It is hypothesized that installation of CCTV entails certain decrease in the number of crime incidents. The social benefit of the avoided crime is the product of the decrease in the number of incidents and unit cost per crime incident:
However, to justify the installation of a CCTV system, in terms of cost-effectiveness, the social benefits from the reduction of crime must exceed the costs of the CCTV system. The general assessment as presented above depends essentially on the estimation of social benefits, i.e., the reduction of the crime costs due to installation of the cameras. These benefits are presented in “Data,” below.
Data
This study focuses on the city of Poznan, but initially, eight Polish cities were selected for the investigation: Gdansk, Katowice, Kielce, Lublin, Lodz, Poznan, Warsaw, and Wroclaw. They represented the largest Polish agglomerations, including the capital (Warsaw). Each of the cities had a CCTV system, but data on the costs of installation and maintenance, as well as data on crime incidents, were not continuously recorded. Therefore, we focused on the city of Poznan, as in this city the available data were the most exhaustive. Data from other cities are presented for comparison, where appropriate. For this study, cameras monitoring private areas, traffic, and shops were not taken into consideration, due to difficulties with obtaining data.
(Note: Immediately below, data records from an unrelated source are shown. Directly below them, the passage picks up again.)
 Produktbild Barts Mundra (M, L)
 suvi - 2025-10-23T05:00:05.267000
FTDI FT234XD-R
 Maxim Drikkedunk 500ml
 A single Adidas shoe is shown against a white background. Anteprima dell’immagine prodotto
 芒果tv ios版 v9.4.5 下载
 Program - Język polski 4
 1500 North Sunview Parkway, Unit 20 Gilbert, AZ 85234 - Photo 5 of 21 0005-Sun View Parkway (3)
Selected Categories of Crimes
In this study, street crimes were taken into consideration because they are most strongly curtailed by cameras mounted to supervise public spaces, and are customarily used to analyze CCTV monitoring systems. We focus on three categories of street crimes: (a) car burglary/theft, i.e., car theft, theft from a caror breaking into a car; (b) car damage; and (c) robbery. This categorization and aggregation were driven by Polish Police crime records. Car burglary/theft records kept by Polish Police may fall into three categories: car theft, theft from a car, and breaking into a car. The data obtained from the National Police Headquarters did not distinguish between car theft, theft from a car, and breaking into a car, so we created a cumulative category for all of three. Another street crime category that is often used in studies on CCTV monitoring systems is “fights and beatings (street fight),” but no data were available on the number and cost of crimes related to this category in Poznan.
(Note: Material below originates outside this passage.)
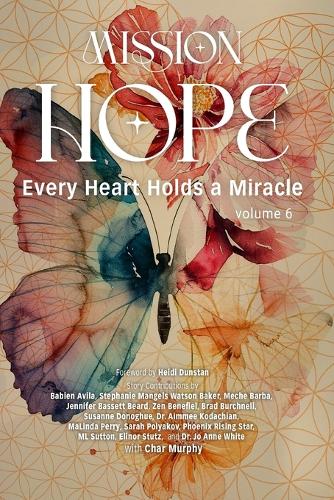 Mission Hope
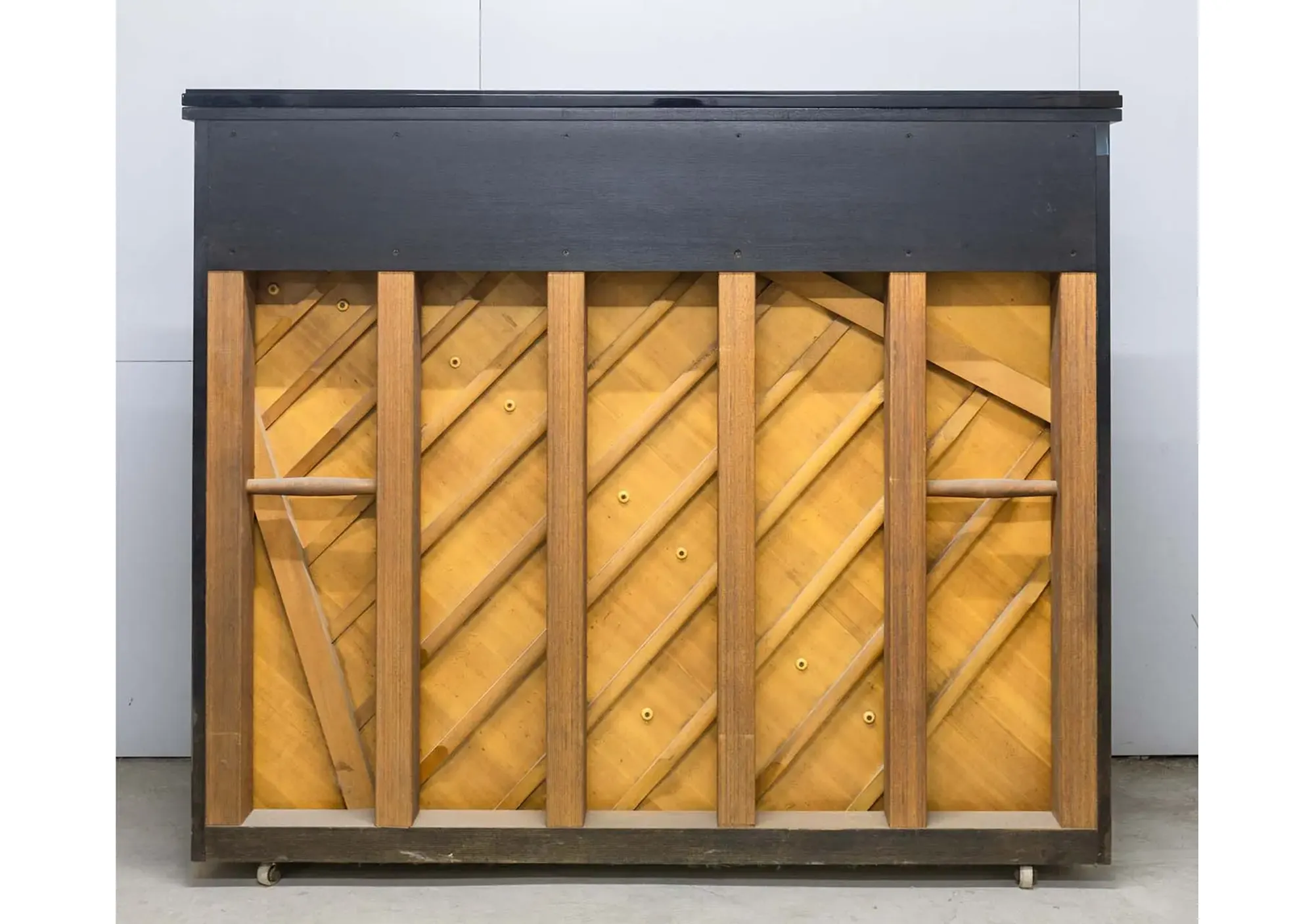 galary_image_product_5613--5663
In the analysis, we used data on verified crimes (i.e., events that were identified as criminal offenses after the initial police investigation). Thus, the data did not include all of the events registered by the police, but only the criminal acts that were classified as criminal offenses in the investigation. Therefore, we did not include in our calculations the costs and benefits of all investigations. For instance, installing a CCTV camera may provide additional evidence during an investigation, helping to classify some of the incidents as a verified crime. Table 1 presents the numbers of cameras and crimes for the years 2008–2014.
Data on Costs of Crime
Information on crime costs was obtained from the National Police Headquarters. The data contained information on the total annual cost of crime per crime category, and the number of crimes in each category, which allowed us to calculate the average costs of a crime in a given category.
For the “car damage” category, information detailed the number of crimes and the amount of total losses resulting from those crimes in the eight cities studied between 2005 and 2015. However, records kept on crimes committed between 2004 and 2012 were subsequently categorized differently. As a result, data from the category “car burglary/theft” turned out to be partly incomplete, i.e., until 2012, the files sent by the police contained all the data we requested, but were missing or incomplete for the years between 2013 and 2015, which made it impossible to directly include that time frame in our analysis. For the categories “car damage” and “robbery,” only data covering the years 2005–2012 were obtained (Table 2).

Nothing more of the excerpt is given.